I use Oracle for certain workloads because their ARM compute offering is very flexible and cost effective. They let you select CPU count and memory semi-separately, without charging a huge premium for it. You can have 64 CPUs and 64 GB RAM (max CPU, min RAM) or 1 CPU and 64 GB RAM (min CPU, max RAM). I say "semi-separately" because they don't allow less than 1 GB RAM or more than 64 GB per CPU. For the workloads I'm talking about, they need a lot of RAM compared to CPUs. So Oracle's offering is very attractive for it. I've also found that the CPUs significantly outperform even "high performance" dedicated Intel CPUs at other providers for one of my compute heavy workloads (I still don't understand how that could be the case, but I'll take it). It only underperforms my desktop i7-11700k by about 25%.
bastard_op 3 years ago

Anyone stupid enough to enter into Oracle licensing for ERP and financials in the first place simply moves to it eventually as Microsofties inevitably move to Azure. In the name of "better" native integration, ie it sucks less as at least Oracle knows how bad Oracle is to deal with.
Doesn't make it better, just makes for vasoline to make the shagging less painful.
nray 3 years ago

You'll care about it if you can't pay for you coffee at Starbucks or whatever. I'm not if there is overlap between Oracle's public cloud and their own hosted services, but a lot of hospitality runs on Oracle (formerly Micros Fidelio) Simphony, and they are moving their customers from on-prem to Oracle Cloud.
heavyset_go 3 years ago

It's cheaper than AWS and has a good free tier.
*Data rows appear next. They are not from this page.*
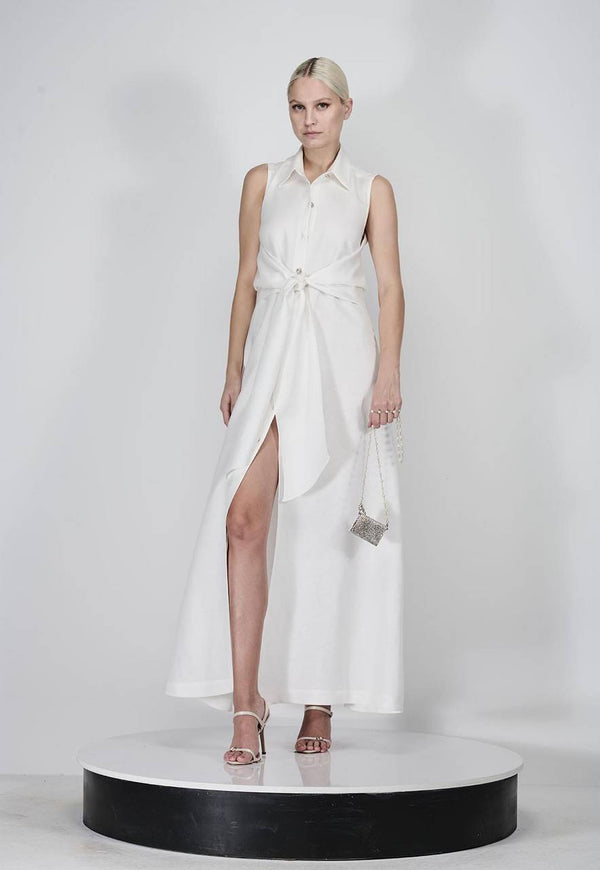 VESTIDO LONGO DE LINHO MIX BOTÕES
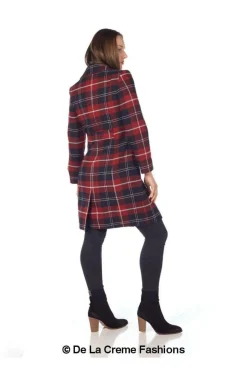 Women De La Creme Fashions Tartan Check Double Breasted Coat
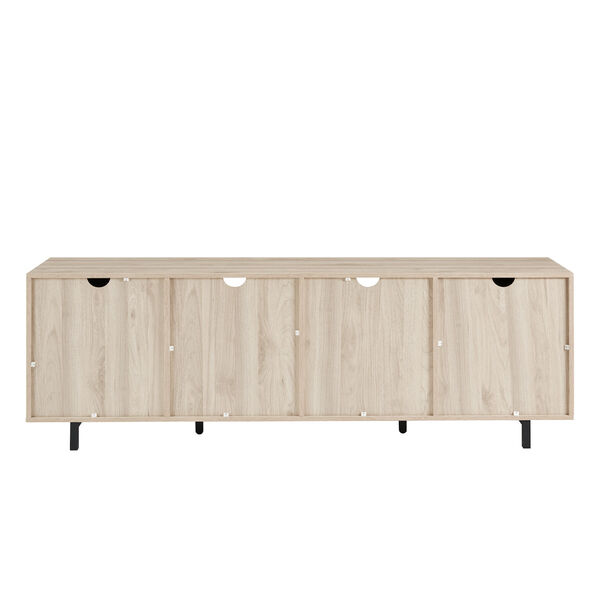 Birch TV Stand with Four Grooved Doors, image 5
I've worked with clients who use it because Oracle or they got a really good deal with them over AWS.
It's not something I'd choose right away, but there are use cases where it can be cheaper/free compared to other options.
lcenjoyer 3 years ago

Oracle's vendor lock-in should be given its own category in the Diagnostic and Statistical Manual of Mental Disorders
cypress66 3 years ago

I use it because it's much cheaper.
Bandwidth alone is an order of magnitude cheaper than AWS.
BryantD 3 years ago

Hosted Oracle database services. Otherwise, very favorable contract terms.
- hn_throwaway_99 3 years ago
  
  Thanks very much, was assuming they must be giving a sweetheart deal given that AWS and GCP have hosted Oracle DB solutions, and even Oracle itself touts running on Azure, https://www.oracle.com/cloud/azure/oracle-database-for-azure....
hamburglar 3 years ago

I just read a claim in the Wall Street Journal the other day that said Elon Musk supposedly just bought up their entire available fleet of GPU instances.
Edit: adding link [1] sorry for the paywall
[1] https://www.wsj.com/articles/the-ai-boom-runs-on-chips-but-i...

gtirloni 3 years ago

Cross cloud is really complex and error prone. You'll probably cause more outages than you'll prevent by going down that path.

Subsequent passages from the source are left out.